В 1734 году в «Слове в день воспоминания коронации… Анны Иоанновны…» Феофан Прокопович назвал её правление достойным продолжением петровских деяний, рассыпаясь в похвалах императрице, которая «сама собою довольна, сама славна, сама видна, ясна и всем ведома». Проповедник задавал вопрос: «Хочем ли хвалити тебе всеавгустейшую монархиню нашу?» — и сам же отвечал: «Если сие делаем, то в море каплю пускаем». В том же сочинении он призвал с высоты птичьего полёта посмотреть на все «грады» и «страны» державы, которые находились «в лучшем и безопаснейшем от прежнего состоянии, когда варварство исчезает, хищения и разбои на суде праведно обличаются, и воровство во всяком месте искореняется, а наука воинская поощряется, и заводятся изрядные художества»{531}
. Едва ли бывалый Феофан вполне доверял им самим нарисованной идиллической картине; но мог ли он, посвятивший всю жизнь сознательному служению неограниченной монархии, признаться, что «самодержавство» может не быть движущей силой благих преобразований?Кое-какими свершениями племянницы Пётр I был бы доволен. За время аннинского царствования в стране появились 22 новых металлургических завода. Ежегодно выплавлялось до тридцати тысяч пудов меди (в 1725 году — 5500 пудов). Россия медленно, но верно становилась частью европейского рынка, завоевав прочные позиции в торговле железом — его вывоз за десять лет увеличился в 4,5 раза. Рост экспорта пеньки (в среднем — по миллиону пудов в год), льняной пряжи стимулировал посевы технических культур{532}
.Увеличился и импорт — стоимость товаров, доставленных из-за границы через Петербург и Архангельск, с 1725 по 1739 год выросла почти на полмиллиона — с 1 429 200 рублей до 1 928 800 рублей. Иностранные купцы ввозили сукно и шёлковые ткани, красители, цветные металлы (олово и свинец), колониальные товары (сахар, пряности, кофе, табак), вино, хрусталь, чулки и другие товары, потребные европеизированным россиянам{533}
. Активный торговый баланс и пошлины обеспечивали золотом и серебром российскую денежную систему. При Анне Иоанновне было отчеканено золотых монет на 176 651 рубль 80 копеек и серебряных на 20 032 254 рубля{534}.Экономическая политика стала более гибкой, чем в петровское время, но её принципы не менялись: государство оставалось главным покупателем, заказчиком и контролёром промышленной продукции. Это покровительство обеспечивало стабильный рост — даже в годы Русско-турецкой войны правительству уже не надо было прибегать к принудительной мобилизации экономики.

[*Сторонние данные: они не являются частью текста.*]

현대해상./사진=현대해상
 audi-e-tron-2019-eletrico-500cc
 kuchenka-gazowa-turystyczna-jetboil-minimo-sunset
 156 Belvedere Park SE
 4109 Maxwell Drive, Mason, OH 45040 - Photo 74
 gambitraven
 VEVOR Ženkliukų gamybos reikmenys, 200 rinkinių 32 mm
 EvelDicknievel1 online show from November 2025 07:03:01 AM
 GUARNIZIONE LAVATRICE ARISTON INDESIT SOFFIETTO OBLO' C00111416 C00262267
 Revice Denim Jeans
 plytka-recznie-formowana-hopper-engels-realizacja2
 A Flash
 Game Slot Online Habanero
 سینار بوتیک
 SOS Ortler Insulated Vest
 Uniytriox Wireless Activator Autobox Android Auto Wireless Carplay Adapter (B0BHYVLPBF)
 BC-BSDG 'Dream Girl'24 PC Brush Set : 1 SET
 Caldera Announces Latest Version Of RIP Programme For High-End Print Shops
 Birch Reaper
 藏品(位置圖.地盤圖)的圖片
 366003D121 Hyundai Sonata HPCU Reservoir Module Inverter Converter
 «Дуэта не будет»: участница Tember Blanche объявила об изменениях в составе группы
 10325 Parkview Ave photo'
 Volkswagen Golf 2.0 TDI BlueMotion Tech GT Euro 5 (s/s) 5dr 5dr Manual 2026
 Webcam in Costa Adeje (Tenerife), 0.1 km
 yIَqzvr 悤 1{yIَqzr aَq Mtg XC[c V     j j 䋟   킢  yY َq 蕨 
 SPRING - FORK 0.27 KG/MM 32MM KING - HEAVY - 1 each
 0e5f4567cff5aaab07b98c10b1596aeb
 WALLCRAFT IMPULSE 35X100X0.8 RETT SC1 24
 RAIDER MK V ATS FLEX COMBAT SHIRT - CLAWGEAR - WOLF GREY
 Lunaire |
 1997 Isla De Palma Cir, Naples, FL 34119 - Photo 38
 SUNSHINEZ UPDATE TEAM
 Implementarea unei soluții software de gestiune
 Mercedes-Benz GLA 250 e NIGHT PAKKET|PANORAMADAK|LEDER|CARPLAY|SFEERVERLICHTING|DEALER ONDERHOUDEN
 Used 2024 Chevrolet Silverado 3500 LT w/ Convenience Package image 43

При этом «немецкое» правительство не стремилось ослабить русскую промышленность или подчинить её иностранцам. Берг-регламент 1739 года подтверждал право каждого обнаружившего залежи полезных ископаемых на их разработку, разрешал приписку казённых крестьян к частным заводам и освобождал промышленников от пошлин на продукты и припасы для предприятий. Правительство осторожно подходило к запросам иностранных дельцов. Так, в 1739-м Кабинет не разрешил отдать «в содержание» англичанину Мееру ряд сибирских заводов{535}
. Правда, в руках английской фирмы Шифнера и Вульфа оказался экспорт российского железа; зато многолетний контракт на его закупку стал стимулом для новой программы строительства уральских заводов, осуществлённой В.Н. Татищевым{536}. В 1733 году было отказано в передаче казённых суконных мануфактур в Москве и Казани прусскому предпринимателю Иттеру.